The National Labor Relations Board announced on September 4 that it will hold oral arguments in a long-pending Las Vegas restaurant organizing case that will impact employers far beyond the glitz and glitter of the Las Vegas Strip.
The National Labor Relations Board announced on September 4 that it will hold oral arguments in a long-pending Las Vegas restaurant organizing case that will impact employers far beyond the glitz and glitter of the Las Vegas Strip. At issue are the rights of contractor employees to conduct organizing activities on the property of the employer who is contracting for their services.
Ark Las Vegas Restaurant Corporation operates several restaurants on the property of the New York New York Hotel and Casino on the Las Vegas Strip. New York New York has a contract with the union, but Ark’s employees are non-union. On three separate occasions over a nine month period, small groups of off-duty Ark employees stationed themselves on New York New York property and distributed handbills to casino customers informing the public that Ark did not have a contract with the union. Twice the Ark employees handbilled just outside the main entrance to the casino. On one occasion, they handbilled on a walkway inside the casino in front of an Ark restaurant. On all three occasions New York New York security officers told the Ark employees they were trespassing and must leave. The Ark employees refused each time, so New York New York called local law enforcement, who cited the Ark employees for trespassing. The union filed unfair labor practice charges claiming that New York New York violated the Section 7 rights of the Ark employees by having them cited for trespass.

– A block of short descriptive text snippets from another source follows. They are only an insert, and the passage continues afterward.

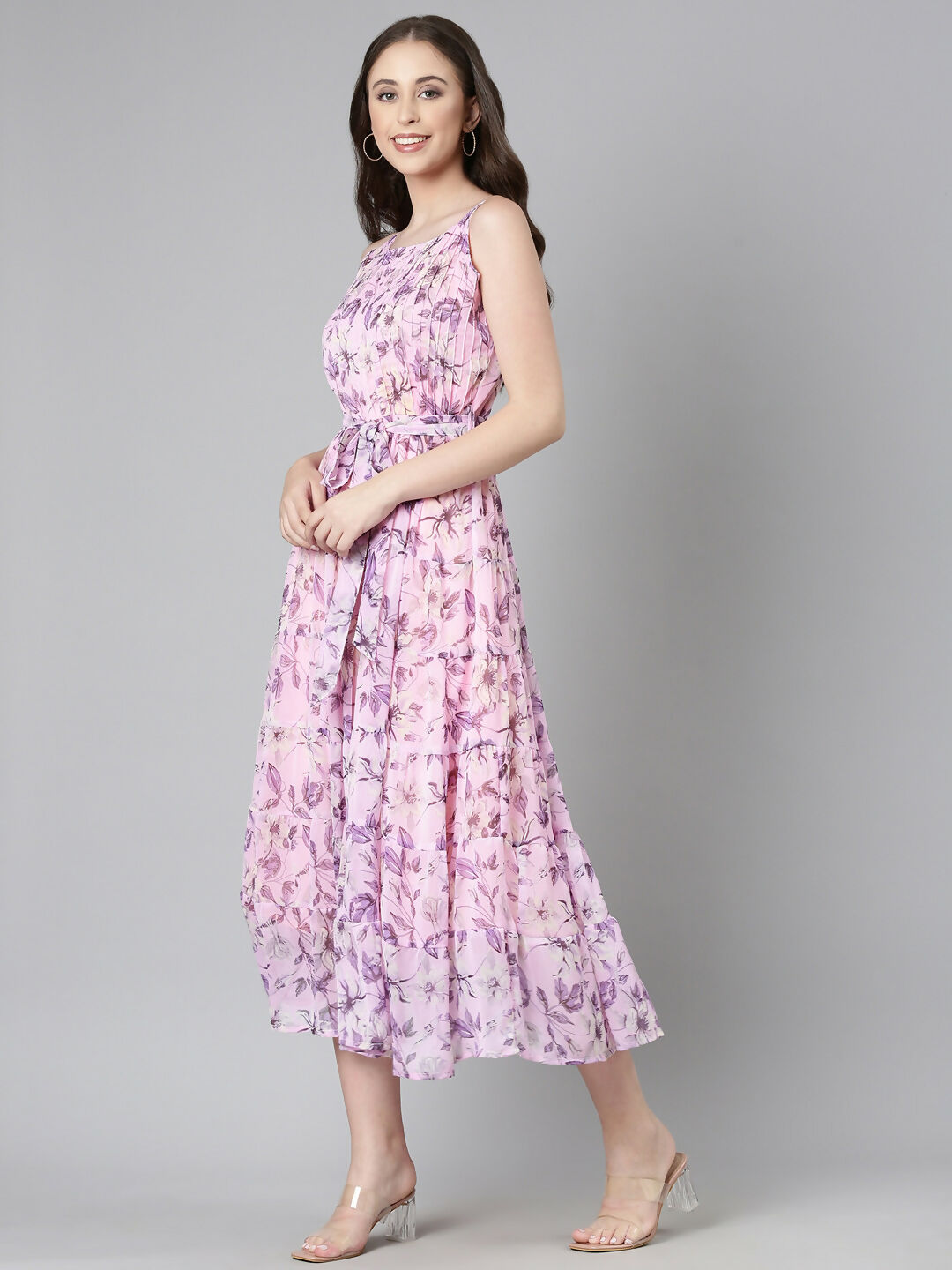 Souchii Floral Chiffon Dress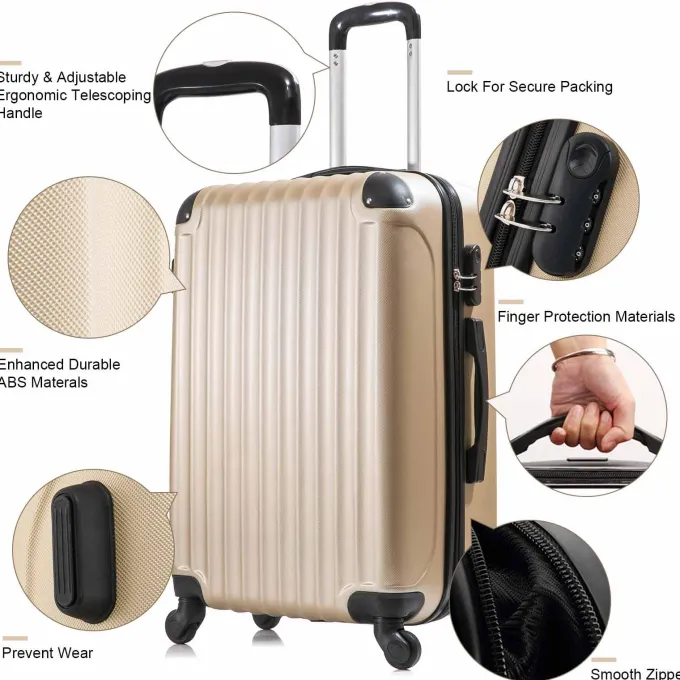 Silk & Salt 3 Piece LuggaSet Hardside Suitcase with Spinner Wheel ABS Travel Luggawith Coded Lock Case's for Travel 20 24 28 Champagne^ Checked Luggage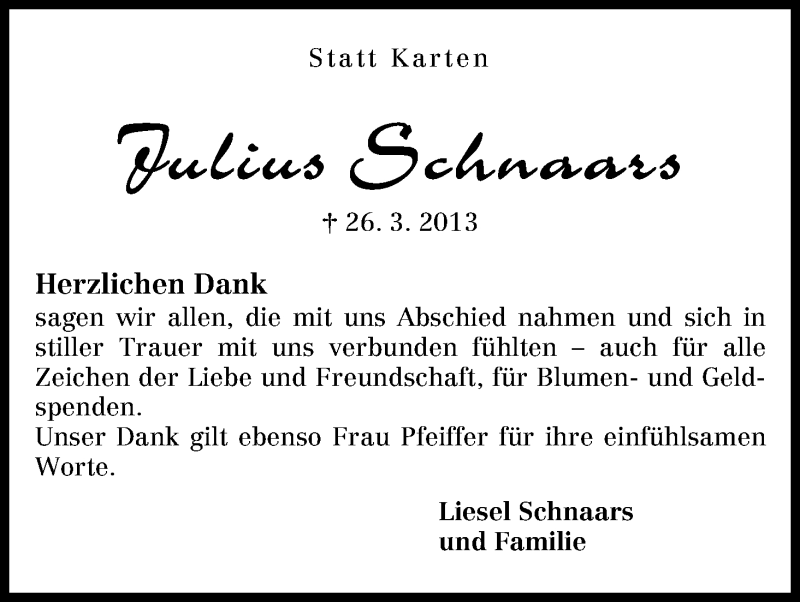 Traueranzeige von Julius Schnaars von WESER-KURIER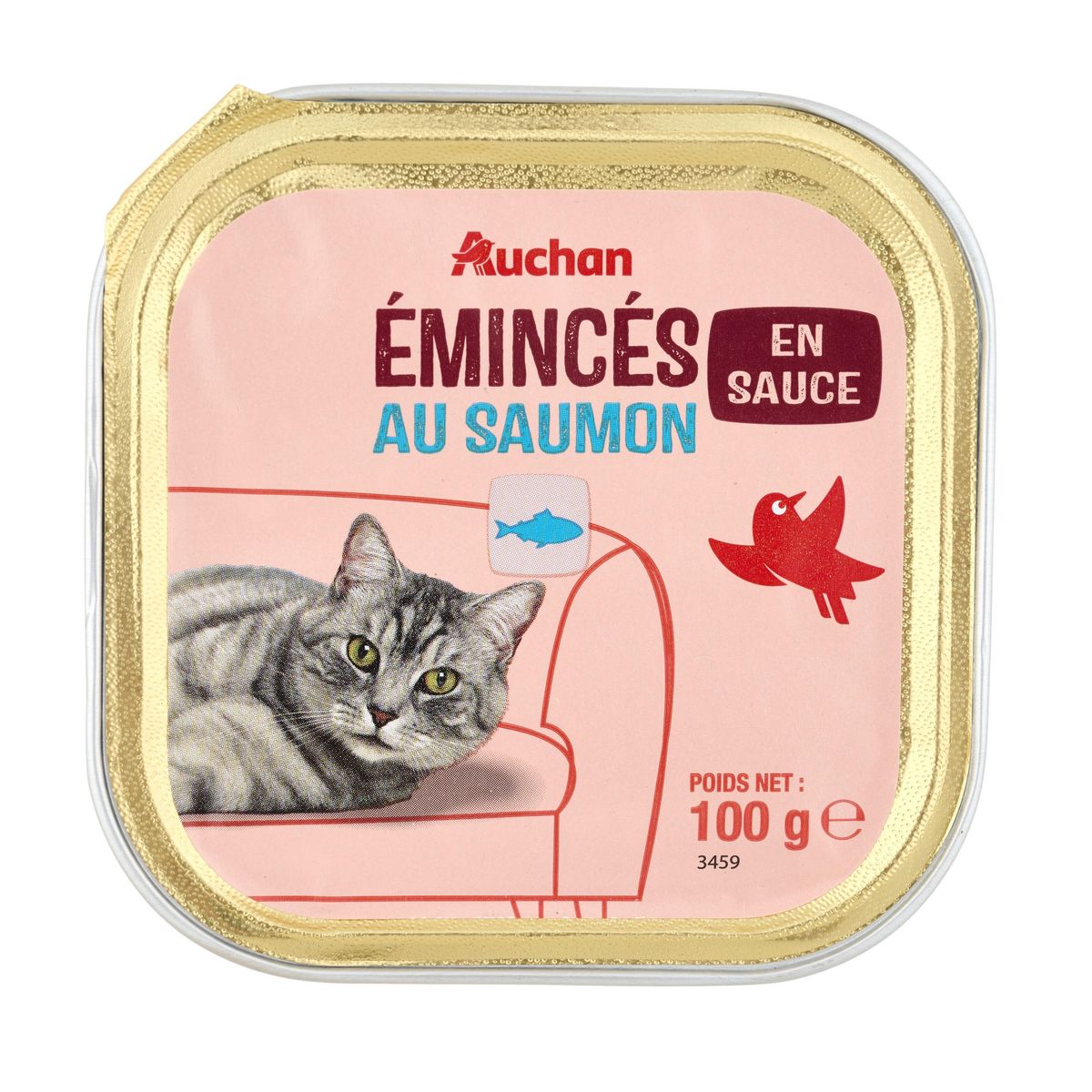 AUCHAN Barquette émincés au saumon en sauce pour chat 100g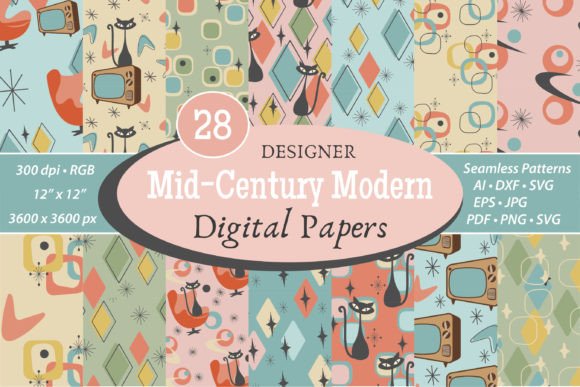 Download Mid Century Modern Seamless Patterns SVG - Seamless pattern Collection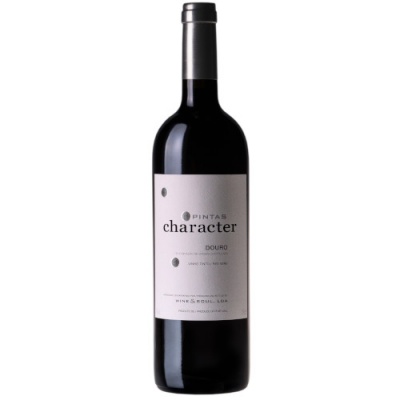 Garrafa de vinho tinto Pintas Character Douro com rótulo branco e tampa preta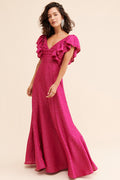 Ruffled Open-Back Maxi Dress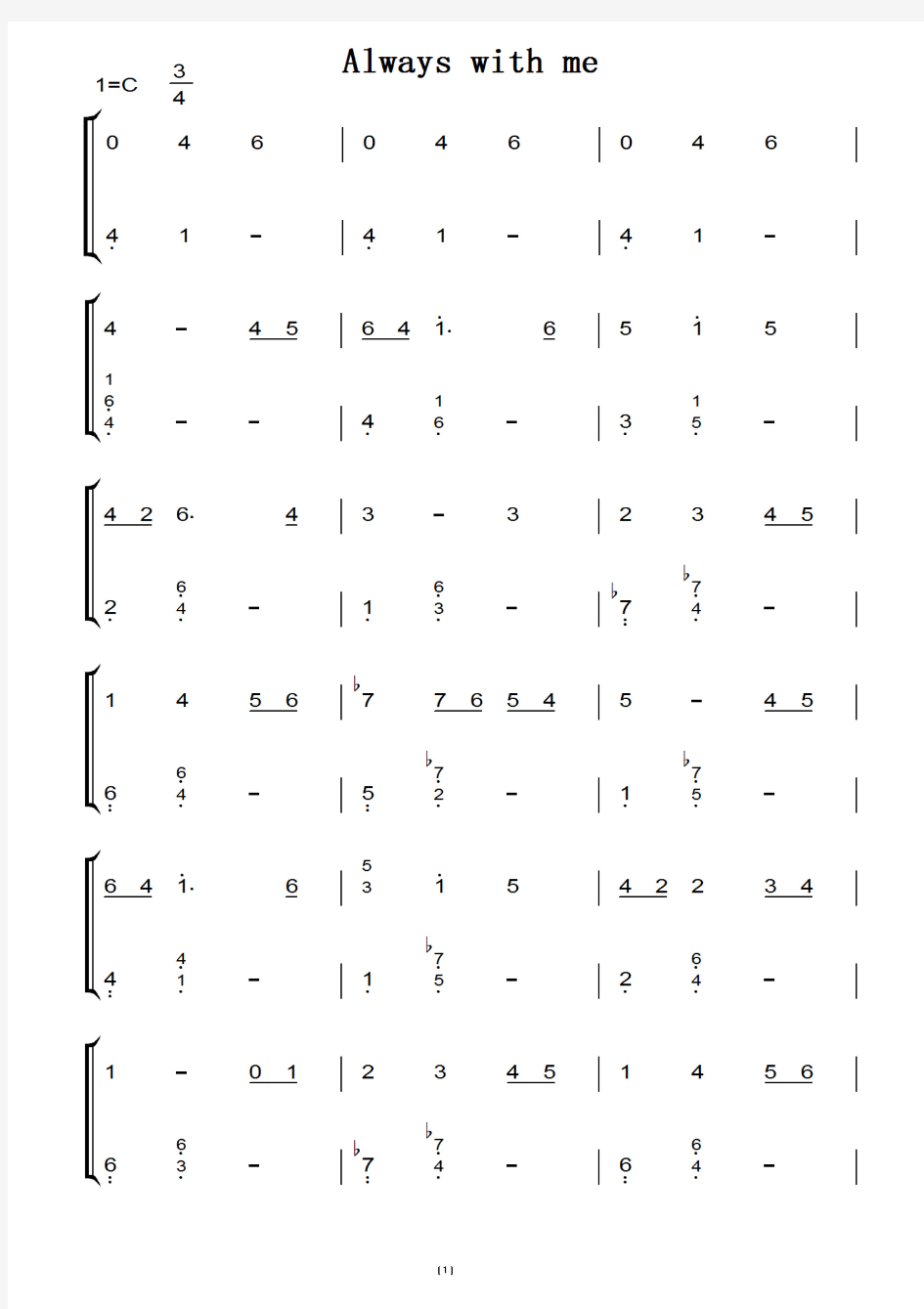 Always with me(千与千寻 片尾曲)久石让 转c调 初学者演奏版 钢琴双手简谱 钢琴谱 钢琴简谱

The Board sided with the union in two companion cases. New York New York, 334 NLRB 762 (2001), and 334 NLRB 772 (2001). Relying on its own precedent, the Board reasoned that because the Ark employees worked “regularly and exclusively” on New York New York’s property, they could not be trespassers there – even when off-duty. Thus they could solicit and distribute literature provided they did so in non-working areas of New York New York’s property, and provided their conduct did not threaten New York New York’s productivity and discipline. The Board ordered New York New York to cease and desist from prohibiting the Ark employees from soliciting and handbilling at the casino entrance and in front of the Ark restaurant.
The union’s victory, however, was short-lived. The U.S. Court of Appeals for the D.C. Circuit refused to enforce the Board’s orders. New York New York v. NLRB, 313 F.3d 585 (D.C. Cir. 2002). The court chided the Board for failing to explain why the Ark employees should have the same rights as New York New York employees on the latter’s property. The court cited the U.S. Supreme Court’s decision in Lechmere, Inc. v. NLRB, 502 U.S. 527 (1992), which held that the scope of an individual’s Section 7 rights turns on his status as either an employee or a nonemployee. The court pointed out that the Ark employees were not New York New York’s employees. Given the Lechmere holding, the court could not accept the Board’s conclusion that New York New York had to treat the Ark employees like its own employees when they were handbilling on New York New York property.
The court remanded the case to the Board to resolve a number of unanswered questions:
1) Does the fact that the Ark employees work on New York New York’s property, without more, give them certain Section 7 rights throughout all of the non-working areas of New York New York’s property?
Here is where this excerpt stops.